__ABOUT THIS EXERCISE__: Exactly as they stand, repeat the lines from the one containing "Drone view of" through the final line of the listing, both ends included, and nothing else; skip the pictures.

__RECORDS FOR THE EXERCISE__:
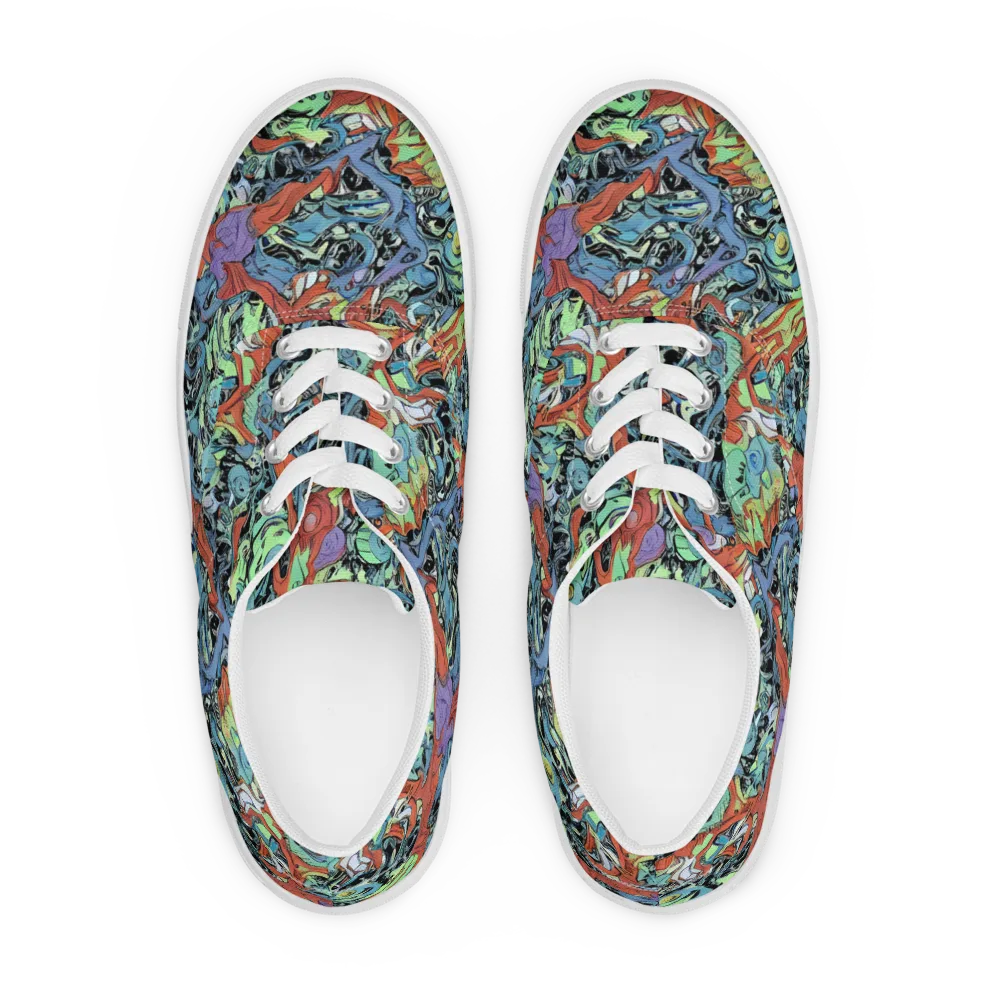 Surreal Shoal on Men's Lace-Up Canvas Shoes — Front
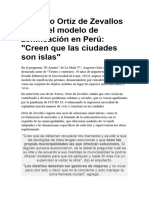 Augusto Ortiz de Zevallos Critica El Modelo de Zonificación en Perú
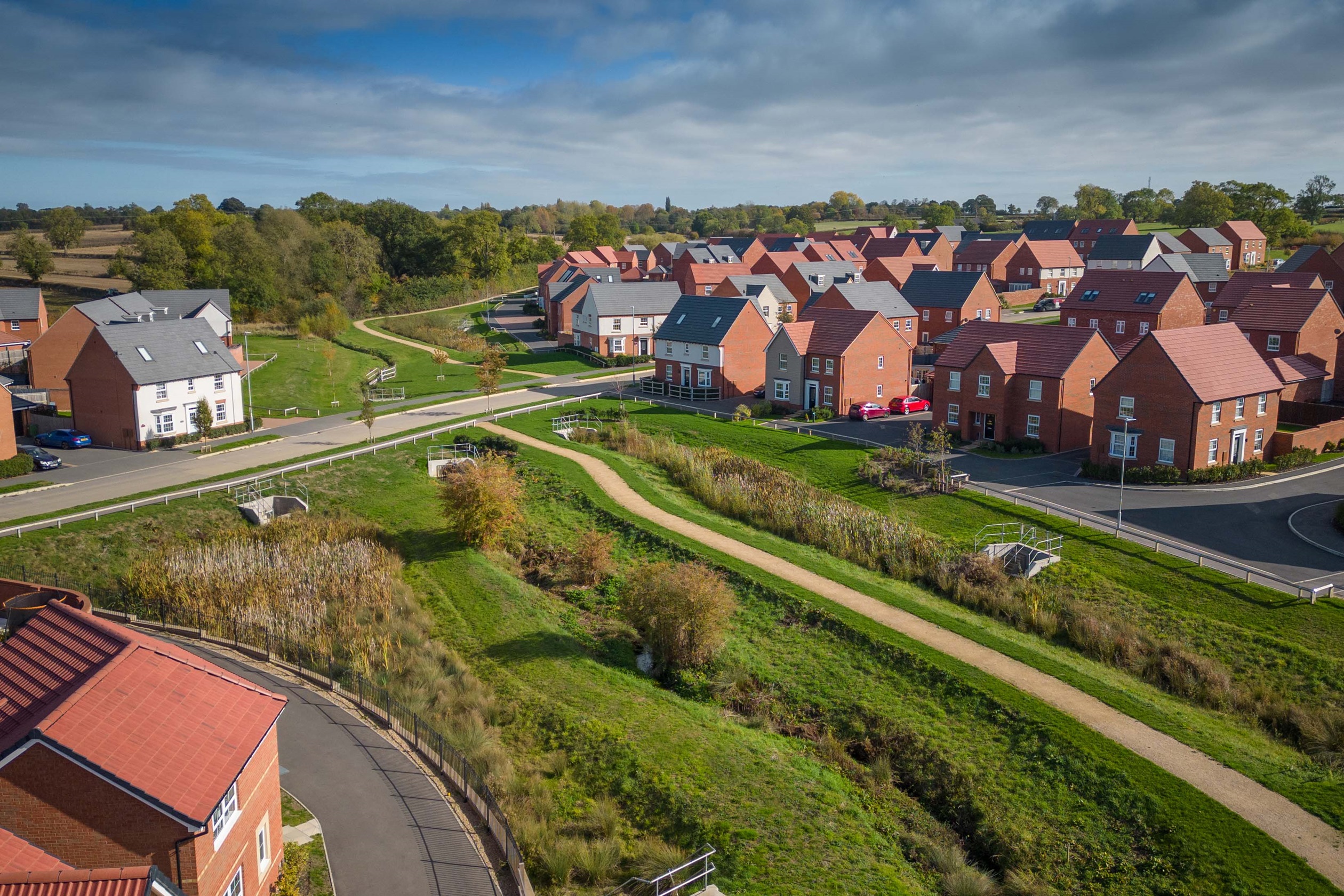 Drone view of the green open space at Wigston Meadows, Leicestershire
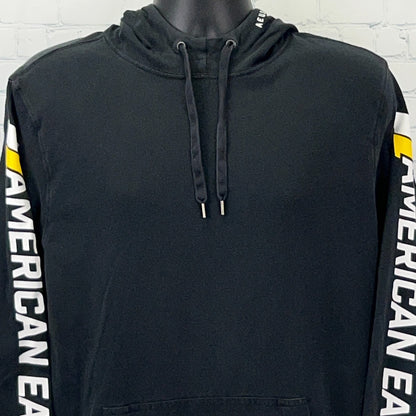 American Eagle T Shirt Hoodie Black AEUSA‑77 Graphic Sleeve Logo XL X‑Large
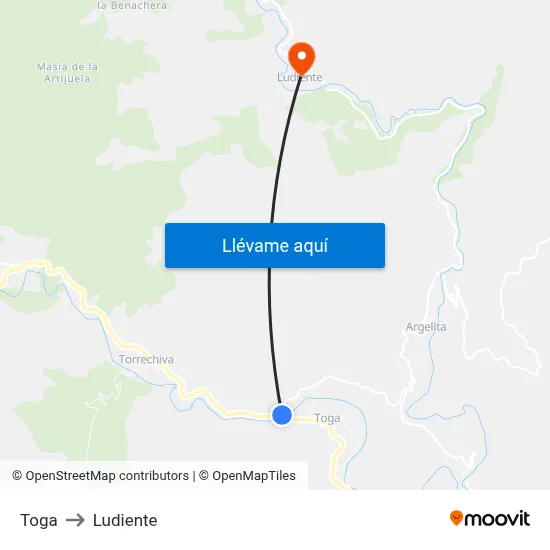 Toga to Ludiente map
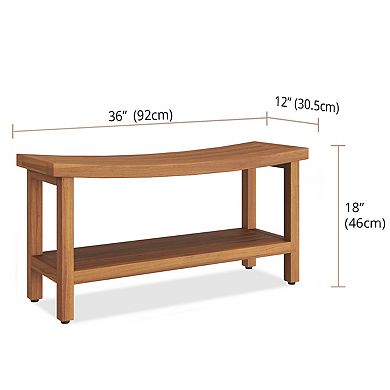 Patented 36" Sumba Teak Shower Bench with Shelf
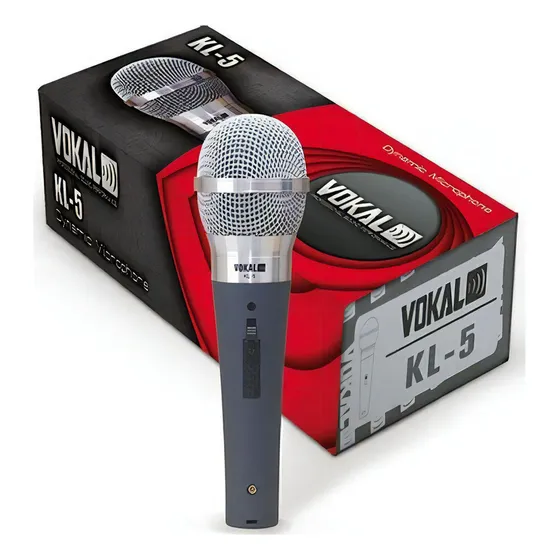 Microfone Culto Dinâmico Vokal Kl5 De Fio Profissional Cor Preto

__ANSWER TO THE PROBLEM__:
 Drone view of the green open space at Wigston Meadows, Leicestershire
 American Eagle T Shirt Hoodie Black AEUSA‑77 Graphic Sleeve Logo XL X‑Large
 Toga to Ludiente map
 Patented 36" Sumba Teak Shower Bench with Shelf
 Microfone Culto Dinâmico Vokal Kl5 De Fio Profissional Cor Preto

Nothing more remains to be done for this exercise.